- [EXERCISE GOAL]
An exact transcription is needed, beginning at the line with "اجاره آپارتمان ۵۰" and ending at the last line of the listing, with pictures left out and nothing else added.

- [DATA RECORDS]
----
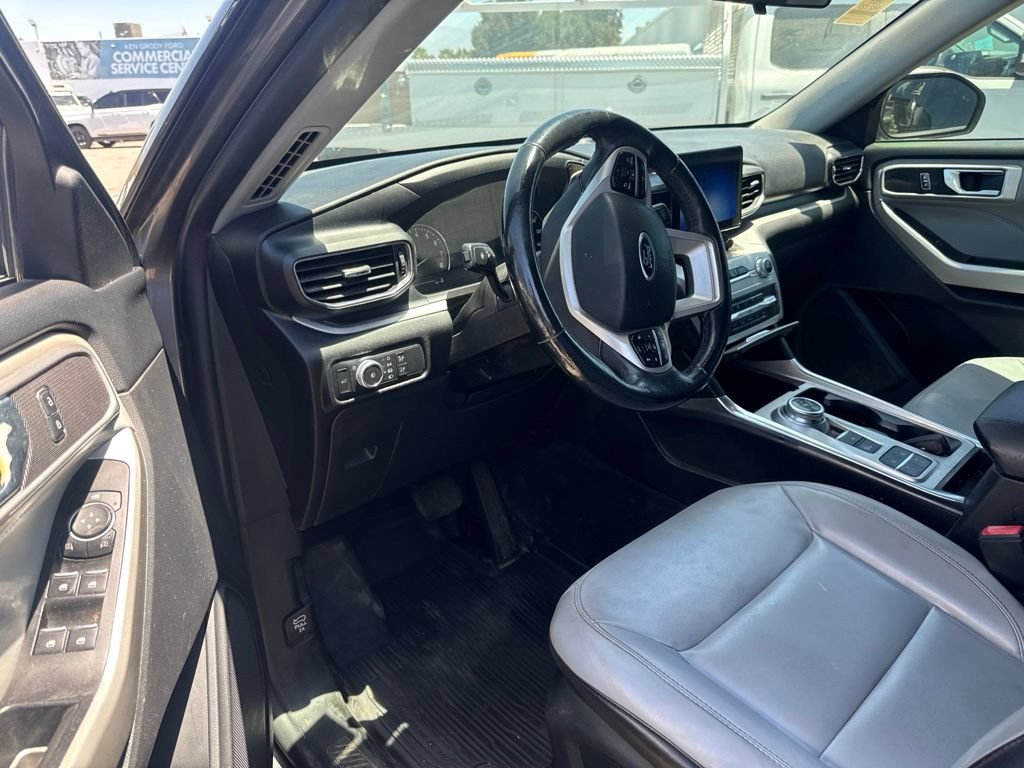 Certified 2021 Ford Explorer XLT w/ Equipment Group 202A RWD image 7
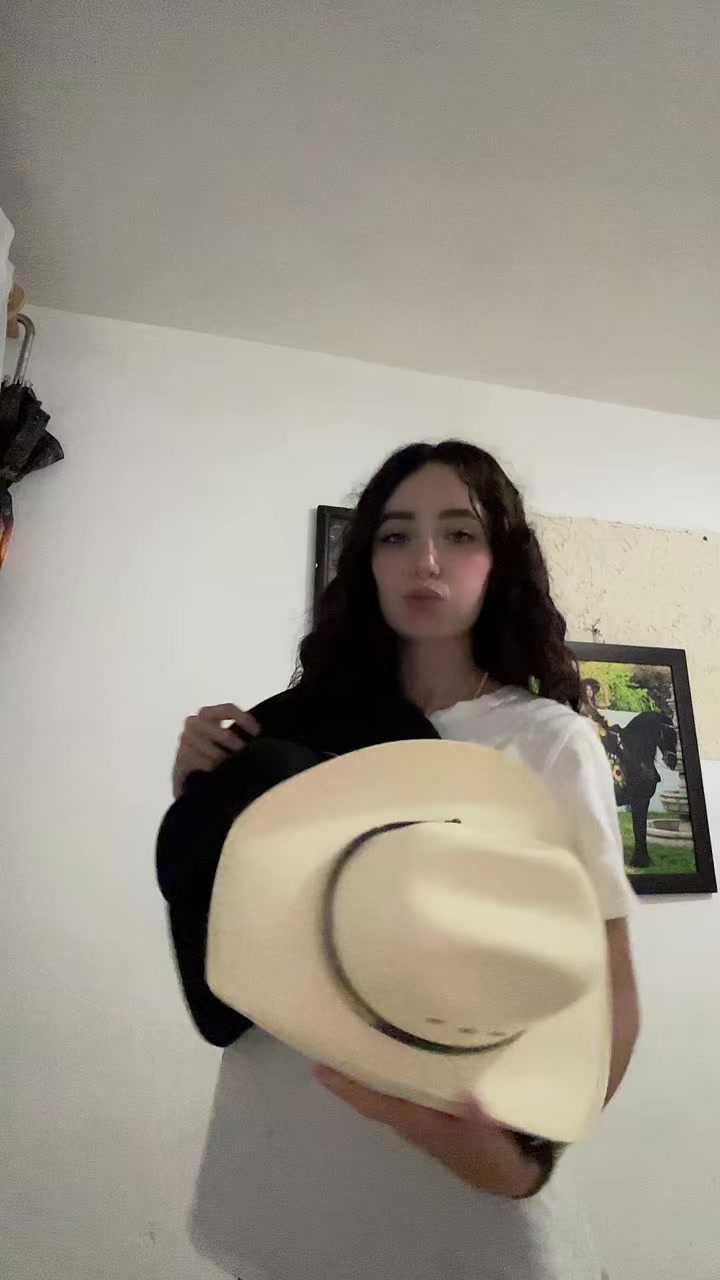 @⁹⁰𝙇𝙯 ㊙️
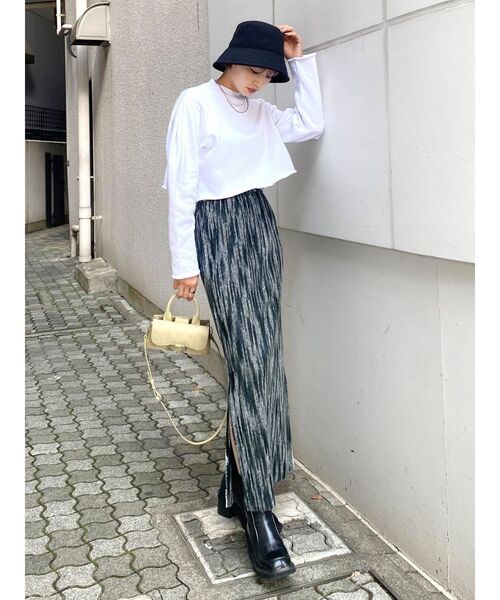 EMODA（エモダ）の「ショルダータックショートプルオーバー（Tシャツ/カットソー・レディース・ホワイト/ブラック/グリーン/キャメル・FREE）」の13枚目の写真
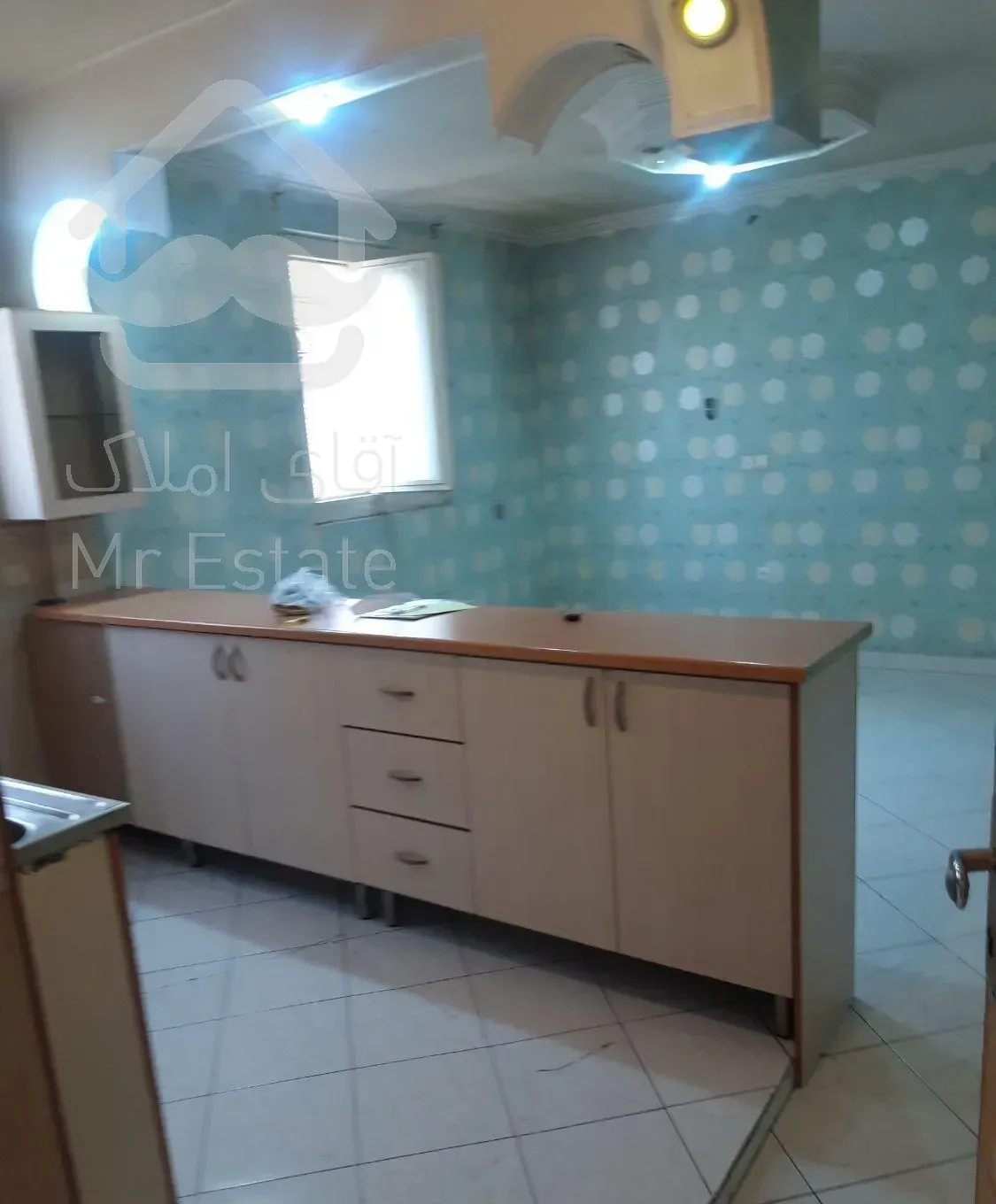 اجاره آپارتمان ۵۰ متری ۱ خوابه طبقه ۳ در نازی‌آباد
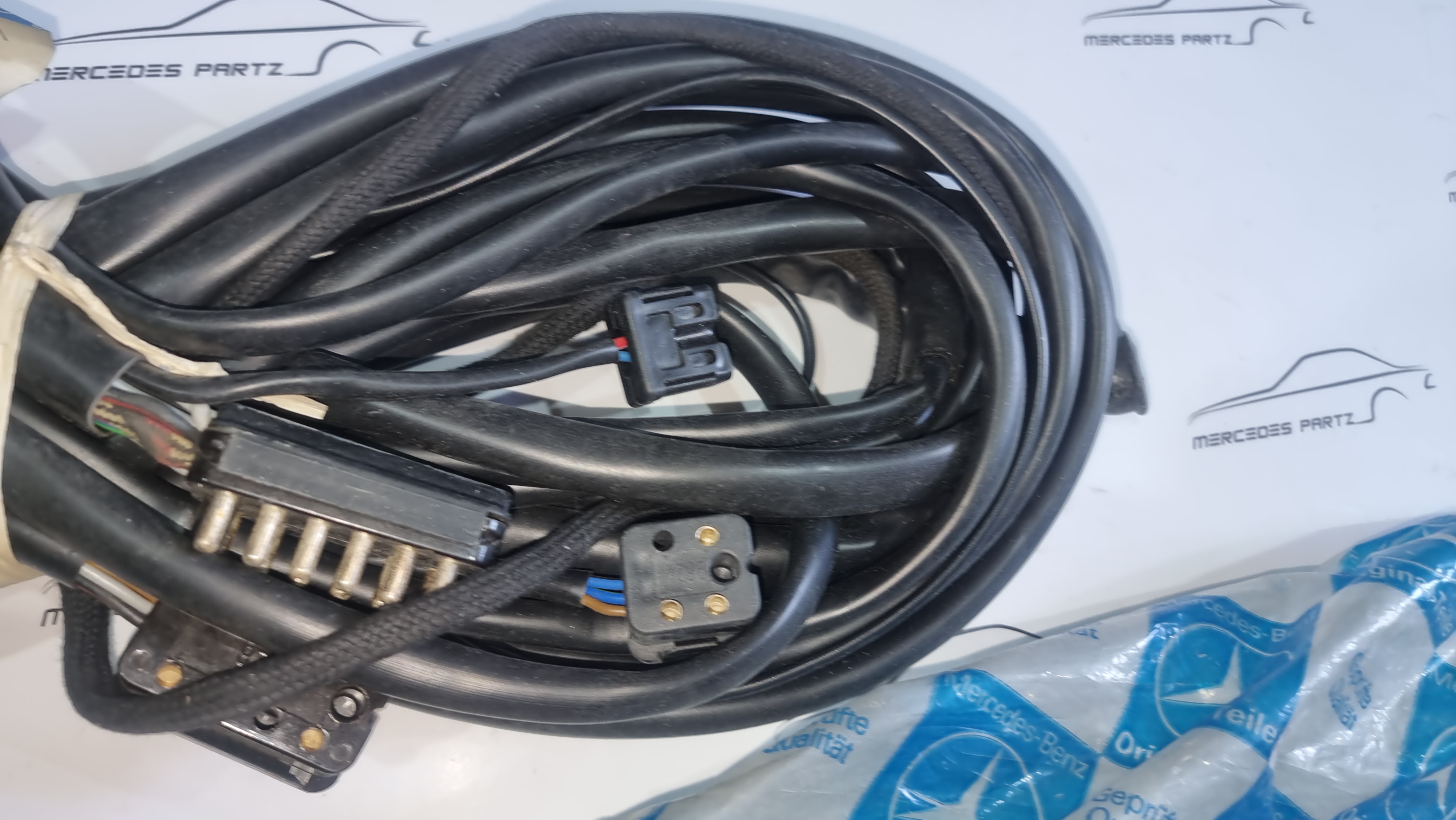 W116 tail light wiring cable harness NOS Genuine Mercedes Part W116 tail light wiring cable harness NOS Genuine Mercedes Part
----
- [ANSWER]
 اجاره آپارتمان ۵۰ متری ۱ خوابه طبقه ۳ در نازی‌آباد
 W116 tail light wiring cable harness NOS Genuine Mercedes Part W116 tail light wiring cable harness NOS Genuine Mercedes Part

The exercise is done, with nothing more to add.